Required action: Among the entries below, find the line with "Ветеран American Idol", then quote it and each following line up to and including the line with "Calvin W. Price", and nothing else.

Information:

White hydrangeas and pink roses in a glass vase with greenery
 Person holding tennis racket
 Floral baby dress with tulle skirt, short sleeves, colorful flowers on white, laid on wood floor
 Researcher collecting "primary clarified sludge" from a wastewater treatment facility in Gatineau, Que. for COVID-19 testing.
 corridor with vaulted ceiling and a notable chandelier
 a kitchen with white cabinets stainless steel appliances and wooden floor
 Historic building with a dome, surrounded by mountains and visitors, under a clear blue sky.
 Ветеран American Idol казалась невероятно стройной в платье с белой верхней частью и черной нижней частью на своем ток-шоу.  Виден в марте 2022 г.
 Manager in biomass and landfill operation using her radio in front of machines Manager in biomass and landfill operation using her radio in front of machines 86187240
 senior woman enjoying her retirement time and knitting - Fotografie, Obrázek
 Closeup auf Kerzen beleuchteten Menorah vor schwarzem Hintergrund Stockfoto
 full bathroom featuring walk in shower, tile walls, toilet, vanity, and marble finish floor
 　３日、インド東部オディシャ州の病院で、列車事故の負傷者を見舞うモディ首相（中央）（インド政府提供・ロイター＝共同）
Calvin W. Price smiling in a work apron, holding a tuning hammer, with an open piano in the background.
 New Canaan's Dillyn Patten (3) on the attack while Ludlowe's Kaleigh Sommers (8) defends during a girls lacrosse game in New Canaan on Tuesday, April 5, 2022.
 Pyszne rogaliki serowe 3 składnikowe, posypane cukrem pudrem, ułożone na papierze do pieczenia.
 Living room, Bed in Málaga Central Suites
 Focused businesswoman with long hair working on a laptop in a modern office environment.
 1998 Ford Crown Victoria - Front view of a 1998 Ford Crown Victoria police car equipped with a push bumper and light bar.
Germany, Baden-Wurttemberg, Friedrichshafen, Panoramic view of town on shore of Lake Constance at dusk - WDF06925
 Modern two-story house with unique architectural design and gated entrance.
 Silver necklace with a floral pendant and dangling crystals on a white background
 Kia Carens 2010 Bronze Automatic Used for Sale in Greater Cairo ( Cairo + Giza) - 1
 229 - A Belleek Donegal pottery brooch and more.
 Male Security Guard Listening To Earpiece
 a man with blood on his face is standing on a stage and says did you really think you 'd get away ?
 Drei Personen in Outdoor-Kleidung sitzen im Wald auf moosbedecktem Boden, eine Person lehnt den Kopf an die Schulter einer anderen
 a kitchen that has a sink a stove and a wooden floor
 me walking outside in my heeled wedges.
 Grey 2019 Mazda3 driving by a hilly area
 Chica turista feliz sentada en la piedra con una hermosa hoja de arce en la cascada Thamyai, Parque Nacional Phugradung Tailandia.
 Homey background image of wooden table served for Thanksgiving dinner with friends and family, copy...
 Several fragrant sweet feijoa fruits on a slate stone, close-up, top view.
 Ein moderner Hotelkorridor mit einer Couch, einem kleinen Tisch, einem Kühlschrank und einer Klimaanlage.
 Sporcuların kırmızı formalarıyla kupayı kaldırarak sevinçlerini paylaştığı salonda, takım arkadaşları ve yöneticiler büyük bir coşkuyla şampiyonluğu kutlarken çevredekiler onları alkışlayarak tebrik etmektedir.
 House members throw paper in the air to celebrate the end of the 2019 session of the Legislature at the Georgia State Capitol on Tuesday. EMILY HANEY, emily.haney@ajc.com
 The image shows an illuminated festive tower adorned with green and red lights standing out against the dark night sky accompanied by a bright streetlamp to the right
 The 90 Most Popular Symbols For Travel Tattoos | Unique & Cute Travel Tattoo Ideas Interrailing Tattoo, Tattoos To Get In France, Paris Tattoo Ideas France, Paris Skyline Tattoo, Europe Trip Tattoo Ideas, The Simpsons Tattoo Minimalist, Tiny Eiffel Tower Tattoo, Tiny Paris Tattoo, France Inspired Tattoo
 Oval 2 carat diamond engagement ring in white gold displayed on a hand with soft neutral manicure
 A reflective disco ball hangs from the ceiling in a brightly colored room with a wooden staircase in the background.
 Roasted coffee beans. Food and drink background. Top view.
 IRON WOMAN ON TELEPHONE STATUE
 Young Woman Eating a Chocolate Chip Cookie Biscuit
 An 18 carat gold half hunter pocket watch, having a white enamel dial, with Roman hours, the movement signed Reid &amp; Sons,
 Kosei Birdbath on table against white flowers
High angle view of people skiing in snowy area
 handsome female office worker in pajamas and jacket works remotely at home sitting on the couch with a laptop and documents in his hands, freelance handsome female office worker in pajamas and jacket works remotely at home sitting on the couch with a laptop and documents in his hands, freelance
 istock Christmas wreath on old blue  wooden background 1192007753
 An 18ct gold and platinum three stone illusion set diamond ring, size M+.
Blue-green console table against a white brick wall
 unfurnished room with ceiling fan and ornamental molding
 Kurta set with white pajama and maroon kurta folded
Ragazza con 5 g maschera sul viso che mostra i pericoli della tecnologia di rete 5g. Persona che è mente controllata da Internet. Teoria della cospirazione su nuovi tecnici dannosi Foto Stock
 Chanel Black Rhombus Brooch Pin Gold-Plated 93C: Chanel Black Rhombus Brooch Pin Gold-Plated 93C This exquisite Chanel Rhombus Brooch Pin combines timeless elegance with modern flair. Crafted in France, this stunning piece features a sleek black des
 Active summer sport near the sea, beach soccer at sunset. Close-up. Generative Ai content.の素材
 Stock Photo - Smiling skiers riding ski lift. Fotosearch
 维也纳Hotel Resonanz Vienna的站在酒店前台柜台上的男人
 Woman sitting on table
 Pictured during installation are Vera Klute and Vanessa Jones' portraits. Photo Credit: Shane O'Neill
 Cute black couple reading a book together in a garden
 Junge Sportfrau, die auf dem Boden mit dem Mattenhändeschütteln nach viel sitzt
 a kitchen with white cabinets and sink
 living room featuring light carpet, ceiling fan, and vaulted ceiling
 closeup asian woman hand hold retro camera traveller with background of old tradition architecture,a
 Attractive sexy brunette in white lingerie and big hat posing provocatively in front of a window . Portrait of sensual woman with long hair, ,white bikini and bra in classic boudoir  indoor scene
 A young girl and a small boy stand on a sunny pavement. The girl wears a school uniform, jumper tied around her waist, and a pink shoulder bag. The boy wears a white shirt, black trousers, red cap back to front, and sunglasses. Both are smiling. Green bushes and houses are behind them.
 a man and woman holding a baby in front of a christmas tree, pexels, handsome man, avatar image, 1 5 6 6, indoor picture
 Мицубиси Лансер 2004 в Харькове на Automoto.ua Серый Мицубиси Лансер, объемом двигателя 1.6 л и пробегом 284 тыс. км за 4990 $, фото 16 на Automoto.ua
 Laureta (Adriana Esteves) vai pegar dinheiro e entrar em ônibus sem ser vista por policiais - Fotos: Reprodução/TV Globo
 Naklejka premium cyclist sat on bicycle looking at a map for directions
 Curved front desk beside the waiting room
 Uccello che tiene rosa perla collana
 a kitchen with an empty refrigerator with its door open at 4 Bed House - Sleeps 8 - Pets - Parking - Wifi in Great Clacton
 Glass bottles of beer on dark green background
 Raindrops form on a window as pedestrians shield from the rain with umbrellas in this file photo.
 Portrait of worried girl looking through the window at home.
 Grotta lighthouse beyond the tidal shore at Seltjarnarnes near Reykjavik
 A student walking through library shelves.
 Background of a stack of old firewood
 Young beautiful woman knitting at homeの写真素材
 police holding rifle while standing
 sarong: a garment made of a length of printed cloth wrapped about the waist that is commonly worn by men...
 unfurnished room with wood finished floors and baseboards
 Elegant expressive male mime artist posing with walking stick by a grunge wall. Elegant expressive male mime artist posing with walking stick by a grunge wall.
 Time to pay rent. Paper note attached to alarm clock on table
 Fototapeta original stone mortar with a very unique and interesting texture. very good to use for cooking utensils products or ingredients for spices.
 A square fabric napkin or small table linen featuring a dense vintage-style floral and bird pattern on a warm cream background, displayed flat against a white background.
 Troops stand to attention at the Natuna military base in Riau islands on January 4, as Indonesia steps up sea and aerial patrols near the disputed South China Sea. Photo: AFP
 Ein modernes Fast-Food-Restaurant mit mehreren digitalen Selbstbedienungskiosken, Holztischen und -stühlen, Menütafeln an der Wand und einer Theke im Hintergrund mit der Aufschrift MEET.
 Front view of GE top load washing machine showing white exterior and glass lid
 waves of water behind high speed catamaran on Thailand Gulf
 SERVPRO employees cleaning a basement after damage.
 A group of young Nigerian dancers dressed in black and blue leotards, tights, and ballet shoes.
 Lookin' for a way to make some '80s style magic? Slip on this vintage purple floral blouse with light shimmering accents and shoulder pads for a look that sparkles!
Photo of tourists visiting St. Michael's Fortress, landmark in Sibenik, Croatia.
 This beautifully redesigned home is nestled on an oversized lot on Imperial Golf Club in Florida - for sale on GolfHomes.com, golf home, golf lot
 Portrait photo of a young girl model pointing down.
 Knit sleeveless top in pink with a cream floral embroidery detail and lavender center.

Output below:
 Ветеран American Idol казалась невероятно стройной в платье с белой верхней частью и черной нижней частью на своем ток-шоу.  Виден в марте 2022 г.
 Manager in biomass and landfill operation using her radio in front of machines Manager in biomass and landfill operation using her radio in front of machines 86187240
 senior woman enjoying her retirement time and knitting - Fotografie, Obrázek
 Closeup auf Kerzen beleuchteten Menorah vor schwarzem Hintergrund Stockfoto
 full bathroom featuring walk in shower, tile walls, toilet, vanity, and marble finish floor
 　３日、インド東部オディシャ州の病院で、列車事故の負傷者を見舞うモディ首相（中央）（インド政府提供・ロイター＝共同）
Calvin W. Price smiling in a work apron, holding a tuning hammer, with an open piano in the background.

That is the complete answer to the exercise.